Looking up and down Kentucky’s roster for the upcoming 2022-23 season, there isn’t a player listed as taller than 6-foot-9. This team might not have overwhelming height, but it does have plenty of high-level athletes with just as much versatility. With that in mind, the Kentucky coaching staff is putting a major focus on protecting the rim this offseason.
“We should block more shots. That’s a huge point of emphasis for us, is our rim protection,” Kentucky assistant coach Chin Coleman told the media on Thursday. “Even though Oscar (Tshiebwe) averaged one and a half blocks per game, he’s not considered a shot blocker as much as Daimion (Collins) and Jacob (Toppin) and some of our guards can be. I remember watching Kentucky basketball years ago when you had guys like Eric Bledsoe, guys like John Wall who would go up and block shots. I think we have that now with some of our guards being able to protect the rim, it won’t just come from our interior.”
During the 2021-22 season, Kentucky averaged 4.2 blocks per game as a team, which ranked 64th in the nation. Oscar Tshiebwe‘s 1.6 blocks per game were one of the top figures in the country, but no other Wildcat registered more than 0.7 blocks per outing. It was the worst season for Kentucky in that statistical category in well over a decade.
Since John Calipari took over as head coach ahead of the 2009-10 season, Kentucky had never finished worse than 31st in the country in terms of blocks per game. In seven of Cal’s seasons with UK, the ‘Cats have ranked among the top 10 by the season’s end, most recently coming in 3rd during the now-infamous 2020-21 season..
Looking back, the most successful Kentucky teams under Calipari are the 2011-12 and 2014-15 squads, which finished 1st (8.6 BPG) and 2nd (6.9 BPG) in the nation, respectively, in blocks per game during those runs.
Kentucky falling so far down in the overall blocks rankings last season was unprecedented. But the coaching staff is working to make sure it doesn’t happen again in 2022-23. As Coach Coleman mentioned earlier, protecting the rim isn’t going to solely rely on the big men, either
“One of the key emphases we’re talking about is having guys, multiple guys challenge shots. Try to get to a few more possessions with our rim protection,” Kentucky associate head coach Orlando Antigua told the media on Thursday. “So challenging Oscar, challenging Daimion, challenging Lance (Ware), challenging Jacob, challenging Chris (Livingston), and surprisingly enough you’re gonna get some shot blocking or chase down from Cason (Wallace), who’s pretty athletic.”
As the roster currently stands, Kentucky doesn’t have an instant impact seven-footer who can accidentally walk his way into a couple of blocks per game. Class of 2022 center Ugonna Kingsley could theoretically step in and be that guy if he were to commit to the ‘Cats on August 1 as many anticipate, but he’s not expected to come in and play 10-15 minutes from day one.
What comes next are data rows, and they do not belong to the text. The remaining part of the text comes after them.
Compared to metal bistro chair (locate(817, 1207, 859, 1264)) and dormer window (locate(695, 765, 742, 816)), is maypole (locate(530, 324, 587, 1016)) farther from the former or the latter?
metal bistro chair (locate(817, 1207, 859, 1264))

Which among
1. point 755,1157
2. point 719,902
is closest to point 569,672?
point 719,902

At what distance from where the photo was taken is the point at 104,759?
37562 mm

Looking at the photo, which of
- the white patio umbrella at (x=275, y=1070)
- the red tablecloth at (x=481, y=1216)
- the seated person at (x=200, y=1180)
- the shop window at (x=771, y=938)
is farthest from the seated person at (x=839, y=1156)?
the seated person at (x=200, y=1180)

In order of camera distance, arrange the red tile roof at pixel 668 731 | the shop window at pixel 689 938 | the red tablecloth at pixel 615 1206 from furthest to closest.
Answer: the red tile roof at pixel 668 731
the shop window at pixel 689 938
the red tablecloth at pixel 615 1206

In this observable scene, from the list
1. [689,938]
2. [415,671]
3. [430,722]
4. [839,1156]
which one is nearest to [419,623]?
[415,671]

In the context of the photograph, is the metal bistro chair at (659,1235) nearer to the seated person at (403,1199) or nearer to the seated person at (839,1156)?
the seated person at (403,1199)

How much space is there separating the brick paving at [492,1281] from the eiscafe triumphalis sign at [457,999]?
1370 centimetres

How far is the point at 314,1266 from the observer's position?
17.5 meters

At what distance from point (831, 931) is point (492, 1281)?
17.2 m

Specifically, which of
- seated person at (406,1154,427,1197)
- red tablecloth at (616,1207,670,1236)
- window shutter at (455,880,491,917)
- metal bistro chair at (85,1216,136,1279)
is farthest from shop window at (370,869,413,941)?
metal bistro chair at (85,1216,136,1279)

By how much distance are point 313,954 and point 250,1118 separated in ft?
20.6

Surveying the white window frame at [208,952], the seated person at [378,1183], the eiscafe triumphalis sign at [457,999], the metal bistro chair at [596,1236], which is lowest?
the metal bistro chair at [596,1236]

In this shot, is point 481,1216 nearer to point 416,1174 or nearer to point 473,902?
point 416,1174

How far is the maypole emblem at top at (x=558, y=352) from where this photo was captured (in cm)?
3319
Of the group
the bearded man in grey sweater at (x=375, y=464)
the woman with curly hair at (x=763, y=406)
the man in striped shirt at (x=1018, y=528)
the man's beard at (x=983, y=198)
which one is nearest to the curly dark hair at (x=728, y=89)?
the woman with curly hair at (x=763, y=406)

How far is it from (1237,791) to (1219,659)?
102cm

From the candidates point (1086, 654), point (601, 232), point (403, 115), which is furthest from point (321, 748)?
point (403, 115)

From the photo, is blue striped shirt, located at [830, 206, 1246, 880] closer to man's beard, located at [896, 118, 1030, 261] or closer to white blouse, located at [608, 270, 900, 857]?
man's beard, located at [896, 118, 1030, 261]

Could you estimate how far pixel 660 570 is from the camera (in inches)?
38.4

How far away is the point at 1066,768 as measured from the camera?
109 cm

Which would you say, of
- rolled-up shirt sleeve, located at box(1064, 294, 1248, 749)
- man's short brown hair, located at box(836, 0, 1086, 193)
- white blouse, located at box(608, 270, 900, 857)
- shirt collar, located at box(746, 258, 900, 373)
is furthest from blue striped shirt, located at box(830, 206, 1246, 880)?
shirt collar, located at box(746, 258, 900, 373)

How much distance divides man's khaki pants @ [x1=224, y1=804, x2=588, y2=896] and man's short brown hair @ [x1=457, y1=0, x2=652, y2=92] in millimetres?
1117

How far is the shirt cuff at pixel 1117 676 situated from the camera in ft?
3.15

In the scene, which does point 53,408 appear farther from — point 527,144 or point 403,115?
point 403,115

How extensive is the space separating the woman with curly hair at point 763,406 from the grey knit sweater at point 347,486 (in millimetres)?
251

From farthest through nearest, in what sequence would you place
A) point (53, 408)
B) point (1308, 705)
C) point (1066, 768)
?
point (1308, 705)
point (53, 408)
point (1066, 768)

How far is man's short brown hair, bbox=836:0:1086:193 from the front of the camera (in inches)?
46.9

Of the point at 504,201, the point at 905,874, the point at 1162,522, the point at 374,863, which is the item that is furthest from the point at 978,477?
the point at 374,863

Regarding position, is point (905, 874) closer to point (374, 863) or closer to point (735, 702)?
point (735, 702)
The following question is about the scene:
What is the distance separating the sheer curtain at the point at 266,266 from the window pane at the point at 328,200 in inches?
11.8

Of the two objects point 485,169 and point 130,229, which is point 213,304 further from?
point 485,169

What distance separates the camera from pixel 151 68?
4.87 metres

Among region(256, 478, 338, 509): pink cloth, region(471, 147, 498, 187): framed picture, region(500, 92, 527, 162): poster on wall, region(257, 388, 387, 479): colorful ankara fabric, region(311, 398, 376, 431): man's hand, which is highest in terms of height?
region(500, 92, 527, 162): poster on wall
Tshiebwe is a smart rim protector, but he’s also 6-foot-9 and doesn’t have the wingspan to make a possession-by-possession impact. Daimion Collins and Jacob Toppin are both otherworldly athletes, but also just 6-foot-9, which limits their ability to consistently alter shots. Lance Ware uses toughness more than athleticism to record blocks. Collins might be the team’s best bet at an elite rim protector if he can find the floor for 20 steady minutes every contest.
But Kentucky simply doesn’t have a guy like an Anthony Davis, or Nerlens Noel, or Willie Cauley-Stein — someone whose pure presence in the paint can scare off would-be drivers. That’s why the staff is going to count on the likes of Chris Livingston and Cason Wallace, two freshmen who play on the wings, to bring a weakside block or two per game. Protecting the rim should be an all-out collective effort this season.